Guia do Usuário do Cliente Web Spotfire®

Load methods

If your data comes from a data connection to an external system, you have the opportunity to choose how the data should be loaded when adding data; either as in-memory data, analyzed by the internal data engine of Spotfire, or, as in-database data (in-db data), where all calculations are handled by the external system.

See also Types of data in Spotfire.

In-memory analysis (Import)

Text files, Excel files, and information links (not available on Cloud) are always imported and analyzed in memory, whereas, with data connections, you can choose to import the data, if desired. When you are working with data in memory, you have access to all the functionality of Spotfire, via the built-in data engine. The internal data engine is available to all users, either in the Windows client or, for web client users, on the server. You have the opportunity to use all columns as filters and you can perform many types of calculations. With imported data you can also combine data from different sources into a single data table using the Add rows or Add columns operations (and, using Spotfire Analyst, it is possible to add transformations to the data).

If your data is small enough, imported data is most of the times the preferred option, because it often improves the performance of calculations.

In-database analysis (External)

If you choose to keep a data connection external, all calculations are done using the external system and not with the Spotfire data engine. This allows you to work with data volumes too large to fit into primary memory and take advantage of the power of the external system. When working with external data connections, you access only the current selection of data and all aggregations and calculations are made in database (in-db).

When a visualization uses in-db data, the visualization queries the external data source directly. Every time a change is made to the configuration of the visualization, e.g., a measure is defined on the Y-axis or a categorical column is added, a new query is sent to the external data source resulting in new, aggregated data.

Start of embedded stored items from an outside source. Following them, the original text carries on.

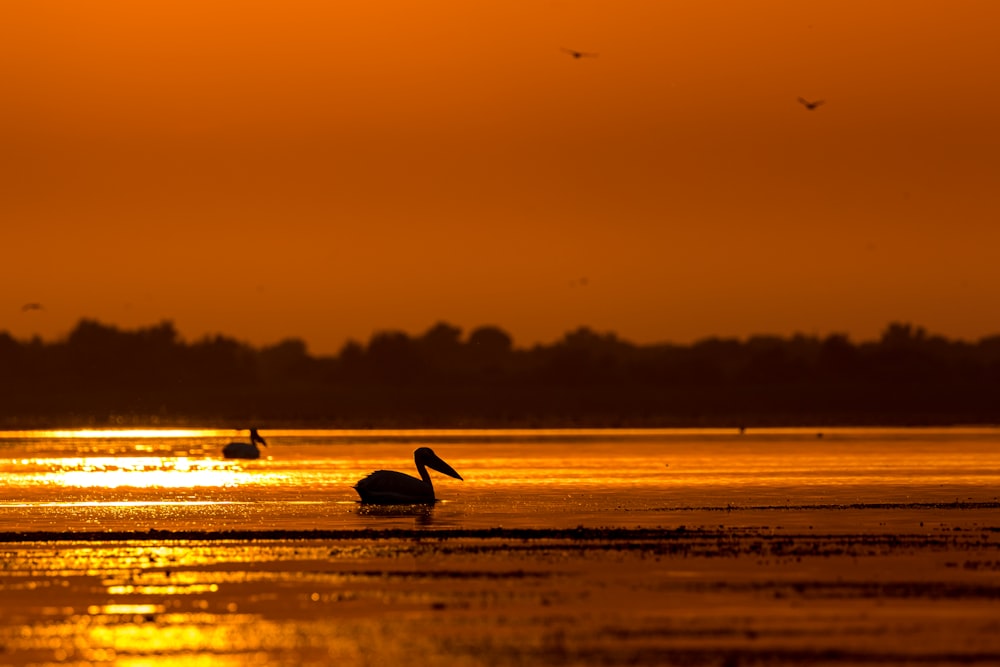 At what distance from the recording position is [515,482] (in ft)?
168

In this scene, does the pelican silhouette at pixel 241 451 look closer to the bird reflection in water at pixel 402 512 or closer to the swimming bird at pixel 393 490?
the swimming bird at pixel 393 490

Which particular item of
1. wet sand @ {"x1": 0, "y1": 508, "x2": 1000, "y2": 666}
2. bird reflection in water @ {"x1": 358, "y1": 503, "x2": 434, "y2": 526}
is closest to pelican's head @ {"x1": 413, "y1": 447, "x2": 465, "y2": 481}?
bird reflection in water @ {"x1": 358, "y1": 503, "x2": 434, "y2": 526}

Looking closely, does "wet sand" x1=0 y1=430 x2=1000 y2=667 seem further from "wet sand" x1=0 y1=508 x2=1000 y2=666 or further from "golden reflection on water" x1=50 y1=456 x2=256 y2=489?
"golden reflection on water" x1=50 y1=456 x2=256 y2=489

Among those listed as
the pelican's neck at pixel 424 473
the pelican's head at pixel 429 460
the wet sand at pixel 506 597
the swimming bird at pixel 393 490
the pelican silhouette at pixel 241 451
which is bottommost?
the wet sand at pixel 506 597

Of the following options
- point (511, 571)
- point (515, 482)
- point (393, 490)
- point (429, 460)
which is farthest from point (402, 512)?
point (511, 571)

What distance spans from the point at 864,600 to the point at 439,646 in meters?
6.22

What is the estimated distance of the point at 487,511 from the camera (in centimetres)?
3978

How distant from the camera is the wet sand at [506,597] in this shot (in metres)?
20.5

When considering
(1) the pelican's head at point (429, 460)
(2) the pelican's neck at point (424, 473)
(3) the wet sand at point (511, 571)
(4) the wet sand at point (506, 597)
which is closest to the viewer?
(4) the wet sand at point (506, 597)

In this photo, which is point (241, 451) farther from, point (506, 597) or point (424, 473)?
point (506, 597)

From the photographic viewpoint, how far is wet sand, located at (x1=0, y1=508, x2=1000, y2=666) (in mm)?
20484

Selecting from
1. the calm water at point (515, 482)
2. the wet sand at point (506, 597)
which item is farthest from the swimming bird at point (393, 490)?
A: the wet sand at point (506, 597)

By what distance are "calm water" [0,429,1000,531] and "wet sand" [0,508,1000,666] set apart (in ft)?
11.7

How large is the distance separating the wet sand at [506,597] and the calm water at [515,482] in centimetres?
356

When working with in-db data it is the connector and the underlying data source that determines which aggregation methods are available.

In-db data is usually preferred if you are working with very large data volumes, which would not fit in-memory, or if you want to make sure that the data is always the latest data from your external system, and always handled in the ways of your external system.

Data loading settings

For in-memory data, you can specify Data loading settings for each source in your data table, as long as the data is kept linked. These settings determine whether to use Stored data, Always new data or New data when possible. When saving an analysis, it is important to consider the data loading settings because they can determine whether other users will have access to the data in the analysis, if the analysis is shared.

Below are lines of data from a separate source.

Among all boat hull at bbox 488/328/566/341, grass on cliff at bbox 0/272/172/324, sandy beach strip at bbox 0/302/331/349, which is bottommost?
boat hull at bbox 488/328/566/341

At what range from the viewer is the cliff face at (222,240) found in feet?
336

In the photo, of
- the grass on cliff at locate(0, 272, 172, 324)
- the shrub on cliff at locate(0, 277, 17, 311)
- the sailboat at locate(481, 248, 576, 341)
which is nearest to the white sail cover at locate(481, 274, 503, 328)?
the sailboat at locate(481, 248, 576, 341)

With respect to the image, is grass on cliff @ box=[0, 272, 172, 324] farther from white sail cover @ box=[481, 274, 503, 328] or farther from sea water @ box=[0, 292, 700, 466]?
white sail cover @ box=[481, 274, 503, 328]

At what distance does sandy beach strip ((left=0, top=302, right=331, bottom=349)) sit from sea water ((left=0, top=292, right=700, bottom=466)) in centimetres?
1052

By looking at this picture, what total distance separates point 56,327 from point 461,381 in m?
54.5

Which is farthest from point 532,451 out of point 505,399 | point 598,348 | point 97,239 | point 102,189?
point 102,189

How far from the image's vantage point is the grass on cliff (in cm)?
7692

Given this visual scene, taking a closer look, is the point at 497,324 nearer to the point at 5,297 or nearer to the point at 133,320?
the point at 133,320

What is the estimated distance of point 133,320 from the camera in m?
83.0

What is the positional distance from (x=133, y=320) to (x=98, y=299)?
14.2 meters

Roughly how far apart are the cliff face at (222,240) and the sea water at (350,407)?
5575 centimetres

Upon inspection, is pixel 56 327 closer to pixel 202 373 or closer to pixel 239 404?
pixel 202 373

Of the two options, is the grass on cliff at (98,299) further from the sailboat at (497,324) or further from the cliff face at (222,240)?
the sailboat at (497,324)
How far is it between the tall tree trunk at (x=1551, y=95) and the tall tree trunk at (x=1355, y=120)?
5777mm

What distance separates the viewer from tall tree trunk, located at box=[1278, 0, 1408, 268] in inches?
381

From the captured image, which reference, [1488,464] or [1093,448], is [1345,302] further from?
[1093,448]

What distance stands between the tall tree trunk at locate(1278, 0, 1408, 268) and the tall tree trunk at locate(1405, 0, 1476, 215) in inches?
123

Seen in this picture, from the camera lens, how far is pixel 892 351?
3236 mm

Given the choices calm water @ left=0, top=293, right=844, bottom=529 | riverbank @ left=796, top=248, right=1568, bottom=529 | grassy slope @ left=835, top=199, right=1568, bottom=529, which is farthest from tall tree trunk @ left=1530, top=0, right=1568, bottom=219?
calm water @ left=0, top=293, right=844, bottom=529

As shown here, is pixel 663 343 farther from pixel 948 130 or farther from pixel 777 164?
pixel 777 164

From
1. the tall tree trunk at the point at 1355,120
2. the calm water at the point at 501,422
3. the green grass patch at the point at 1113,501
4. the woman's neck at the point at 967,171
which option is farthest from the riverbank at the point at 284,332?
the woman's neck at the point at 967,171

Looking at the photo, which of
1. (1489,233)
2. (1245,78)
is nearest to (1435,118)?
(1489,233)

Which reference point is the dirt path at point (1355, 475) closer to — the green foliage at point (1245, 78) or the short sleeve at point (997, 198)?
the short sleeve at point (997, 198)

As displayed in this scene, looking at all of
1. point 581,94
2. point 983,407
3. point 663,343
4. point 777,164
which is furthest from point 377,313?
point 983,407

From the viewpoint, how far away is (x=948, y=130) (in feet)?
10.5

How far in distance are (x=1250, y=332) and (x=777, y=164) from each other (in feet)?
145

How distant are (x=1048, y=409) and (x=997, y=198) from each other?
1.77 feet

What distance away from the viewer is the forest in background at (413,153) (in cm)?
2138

  • The Stored data option saves the current data in the analysis. New data will only be loaded if the source is manually reloaded.
  • The New data when possible option will also store the current data in the analysis. In that case, data will also be available to users who do not have access to the source. However, if a user has access, then new data will be loaded when the analysis is opened.
  • Always new data does not store any data in the analysis file.

You can change the data loading settings for applicable sources from within the Data canvas. See Storing data within the analysis for more information.

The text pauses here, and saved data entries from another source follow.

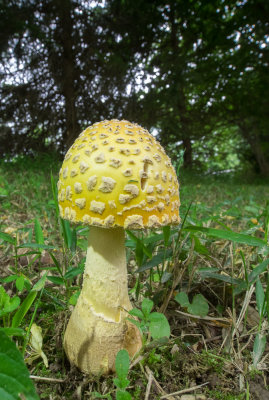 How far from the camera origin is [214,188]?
6.91 meters

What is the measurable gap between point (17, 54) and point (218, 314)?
675cm

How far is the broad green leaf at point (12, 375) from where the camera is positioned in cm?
91

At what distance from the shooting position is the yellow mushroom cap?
1337 mm

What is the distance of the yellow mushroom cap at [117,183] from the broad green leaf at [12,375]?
597 mm

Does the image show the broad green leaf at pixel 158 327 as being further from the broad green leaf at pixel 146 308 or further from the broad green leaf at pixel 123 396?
the broad green leaf at pixel 123 396

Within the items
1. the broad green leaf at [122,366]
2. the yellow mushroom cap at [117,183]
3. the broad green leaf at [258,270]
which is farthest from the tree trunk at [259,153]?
the broad green leaf at [122,366]

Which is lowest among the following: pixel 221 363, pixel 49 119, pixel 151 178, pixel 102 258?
pixel 221 363

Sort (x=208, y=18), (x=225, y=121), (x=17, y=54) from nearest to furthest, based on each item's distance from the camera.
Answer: (x=17, y=54) < (x=208, y=18) < (x=225, y=121)

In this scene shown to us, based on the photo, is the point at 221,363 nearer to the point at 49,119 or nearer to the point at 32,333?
the point at 32,333

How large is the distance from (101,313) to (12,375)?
2.26 ft

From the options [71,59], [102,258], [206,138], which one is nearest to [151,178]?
[102,258]

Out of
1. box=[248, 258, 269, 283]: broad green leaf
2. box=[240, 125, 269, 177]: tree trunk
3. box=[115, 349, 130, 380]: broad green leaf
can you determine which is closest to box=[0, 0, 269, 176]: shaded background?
box=[248, 258, 269, 283]: broad green leaf

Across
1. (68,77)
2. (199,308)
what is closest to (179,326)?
(199,308)

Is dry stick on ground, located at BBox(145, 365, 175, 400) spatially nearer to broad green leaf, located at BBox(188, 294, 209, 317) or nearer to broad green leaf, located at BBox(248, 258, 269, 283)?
broad green leaf, located at BBox(188, 294, 209, 317)
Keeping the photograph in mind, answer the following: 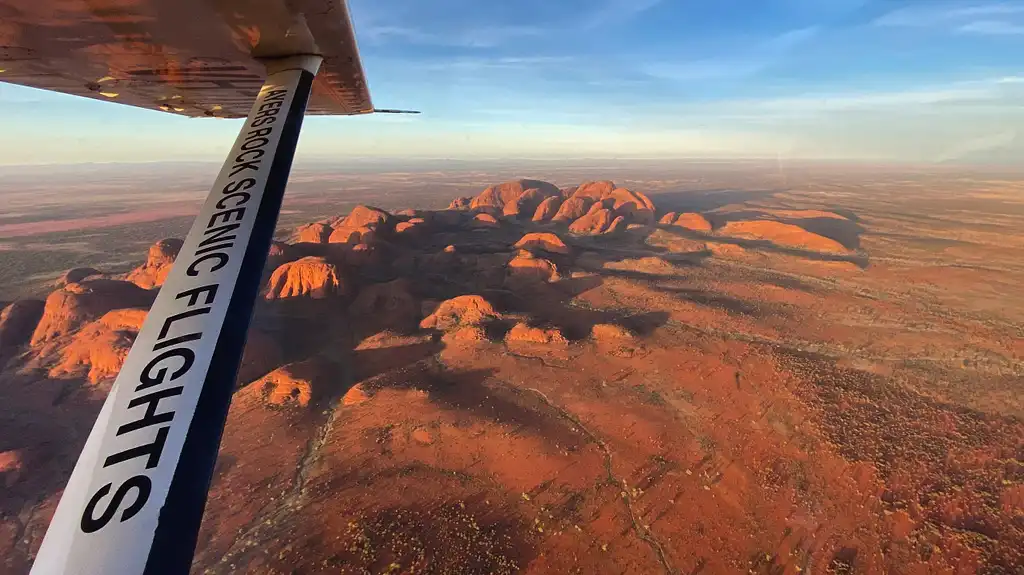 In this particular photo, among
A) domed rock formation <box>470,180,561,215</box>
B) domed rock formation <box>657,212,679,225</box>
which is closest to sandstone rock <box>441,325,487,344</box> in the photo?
domed rock formation <box>657,212,679,225</box>

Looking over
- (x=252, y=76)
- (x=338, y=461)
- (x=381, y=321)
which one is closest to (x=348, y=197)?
(x=381, y=321)

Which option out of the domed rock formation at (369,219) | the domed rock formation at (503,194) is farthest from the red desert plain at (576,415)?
the domed rock formation at (503,194)

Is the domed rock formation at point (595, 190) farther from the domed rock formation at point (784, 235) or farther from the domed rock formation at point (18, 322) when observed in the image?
the domed rock formation at point (18, 322)

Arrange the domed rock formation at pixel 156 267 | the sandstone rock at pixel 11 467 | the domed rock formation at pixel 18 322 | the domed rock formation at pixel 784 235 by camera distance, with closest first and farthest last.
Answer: the sandstone rock at pixel 11 467 → the domed rock formation at pixel 18 322 → the domed rock formation at pixel 156 267 → the domed rock formation at pixel 784 235

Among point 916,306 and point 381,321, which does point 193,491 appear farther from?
point 916,306

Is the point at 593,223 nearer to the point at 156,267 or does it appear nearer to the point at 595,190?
the point at 595,190

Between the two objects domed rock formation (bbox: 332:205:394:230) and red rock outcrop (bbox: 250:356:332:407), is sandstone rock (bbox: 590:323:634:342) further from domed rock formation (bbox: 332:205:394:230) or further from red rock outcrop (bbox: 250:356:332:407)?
domed rock formation (bbox: 332:205:394:230)

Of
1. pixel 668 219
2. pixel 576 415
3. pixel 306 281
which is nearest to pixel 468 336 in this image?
pixel 576 415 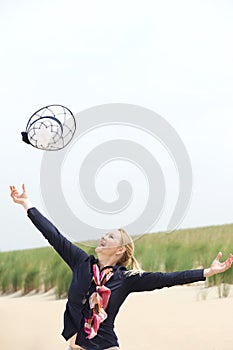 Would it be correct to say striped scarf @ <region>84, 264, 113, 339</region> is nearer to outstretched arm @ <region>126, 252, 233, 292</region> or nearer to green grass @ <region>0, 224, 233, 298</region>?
outstretched arm @ <region>126, 252, 233, 292</region>

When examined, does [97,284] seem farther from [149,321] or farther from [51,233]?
[149,321]

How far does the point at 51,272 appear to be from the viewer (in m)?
3.15

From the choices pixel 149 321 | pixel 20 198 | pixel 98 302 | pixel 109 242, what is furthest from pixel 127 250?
pixel 149 321

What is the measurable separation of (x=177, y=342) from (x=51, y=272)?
769 mm

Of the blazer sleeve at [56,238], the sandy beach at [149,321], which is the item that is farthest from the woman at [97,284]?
the sandy beach at [149,321]

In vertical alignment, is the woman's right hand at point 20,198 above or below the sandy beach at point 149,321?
above

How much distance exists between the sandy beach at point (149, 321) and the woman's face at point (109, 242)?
988mm

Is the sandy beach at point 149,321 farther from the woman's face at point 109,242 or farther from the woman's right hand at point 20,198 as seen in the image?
the woman's right hand at point 20,198

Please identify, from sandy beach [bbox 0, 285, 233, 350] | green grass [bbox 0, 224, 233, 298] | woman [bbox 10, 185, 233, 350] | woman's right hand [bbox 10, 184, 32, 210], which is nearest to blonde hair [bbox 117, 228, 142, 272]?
woman [bbox 10, 185, 233, 350]

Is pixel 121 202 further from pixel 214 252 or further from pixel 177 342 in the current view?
pixel 214 252

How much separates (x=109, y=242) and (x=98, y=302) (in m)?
0.16

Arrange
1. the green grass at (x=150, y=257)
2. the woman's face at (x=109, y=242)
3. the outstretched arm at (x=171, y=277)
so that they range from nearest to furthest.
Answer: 1. the outstretched arm at (x=171, y=277)
2. the woman's face at (x=109, y=242)
3. the green grass at (x=150, y=257)

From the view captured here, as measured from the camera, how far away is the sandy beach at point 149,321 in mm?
2676

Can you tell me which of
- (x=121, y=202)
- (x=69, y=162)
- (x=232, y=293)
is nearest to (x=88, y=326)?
(x=121, y=202)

If the analysis will be used with scheduled updates, you can exclude certain data sources from that update in the data loading settings. See Reloading data for each user when using scheduled updates for more information.

See also Reloading data.

On-demand (configured using installed client only)

When data from a non-cube data connection or an information link is to be added to the analysis as a new data table, in the installed client, you have the option to either load all data at once, or to load data on demand only. This is applicable to both in-memory and in-database data (for data connections). Your analysis can benefit from on-demand loading when you have access to massive amounts of data, but you only need to work with some parts of the data at a time. When setting up an on-demand data table you can specify conditions based on one or more other data tables to control what to load. You can also start by letting an on-demand data table be the first (or only) data table in the analysis if its input is defined by a document property, a variable you can define yourself.

On-demand loading can be regarded as a way to filter data; it is basically a WHERE-clause which dynamically limits what is read and used in calculations.

Custom queries (configured using installed client only)

When working with data connections to relational databases or other non-cube data sources, you get the option to select one or more tables from the data source in the modeling view. Here, you might also have the option to create your own custom database query, depending on your licenses. A custom query results in a custom table which in turn can be used to set up a view in the selected connection in the same way as you would do with other database tables. Queries are written in a language that the database understands. For example, for a Microsoft SQL Server database, you would write your custom query in the Microsoft SQL Server dialect of SQL.

Information links also give you the possibility to create custom SQL.